Pick each line containing the word "Gold" out of the data below.

○ ○ ○

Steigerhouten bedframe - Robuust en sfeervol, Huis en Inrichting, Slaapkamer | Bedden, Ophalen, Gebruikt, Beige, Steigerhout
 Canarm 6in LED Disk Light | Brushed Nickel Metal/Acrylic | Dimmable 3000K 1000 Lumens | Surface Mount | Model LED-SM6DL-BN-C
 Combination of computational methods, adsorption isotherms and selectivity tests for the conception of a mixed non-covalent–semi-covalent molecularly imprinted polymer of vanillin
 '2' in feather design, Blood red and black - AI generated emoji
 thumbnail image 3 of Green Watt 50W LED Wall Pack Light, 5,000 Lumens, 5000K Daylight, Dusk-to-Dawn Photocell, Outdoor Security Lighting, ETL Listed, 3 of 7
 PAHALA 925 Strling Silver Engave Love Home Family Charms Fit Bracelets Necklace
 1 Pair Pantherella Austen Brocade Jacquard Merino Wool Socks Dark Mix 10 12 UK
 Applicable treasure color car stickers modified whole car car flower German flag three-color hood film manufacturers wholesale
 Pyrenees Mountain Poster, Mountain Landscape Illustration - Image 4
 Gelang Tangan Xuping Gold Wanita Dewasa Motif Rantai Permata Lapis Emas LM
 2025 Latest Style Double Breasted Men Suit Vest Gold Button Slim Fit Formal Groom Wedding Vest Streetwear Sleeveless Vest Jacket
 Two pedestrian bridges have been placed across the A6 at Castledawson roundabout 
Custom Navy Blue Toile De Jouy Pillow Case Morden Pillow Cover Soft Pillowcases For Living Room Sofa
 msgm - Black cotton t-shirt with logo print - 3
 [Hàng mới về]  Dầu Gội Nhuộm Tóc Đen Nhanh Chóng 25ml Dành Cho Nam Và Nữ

○ ○ ○

Finished task =
 Gelang Tangan Xuping Gold Wanita Dewasa Motif Rantai Permata Lapis Emas LM
 2025 Latest Style Double Breasted Men Suit Vest Gold Button Slim Fit Formal Groom Wedding Vest Streetwear Sleeveless Vest Jacket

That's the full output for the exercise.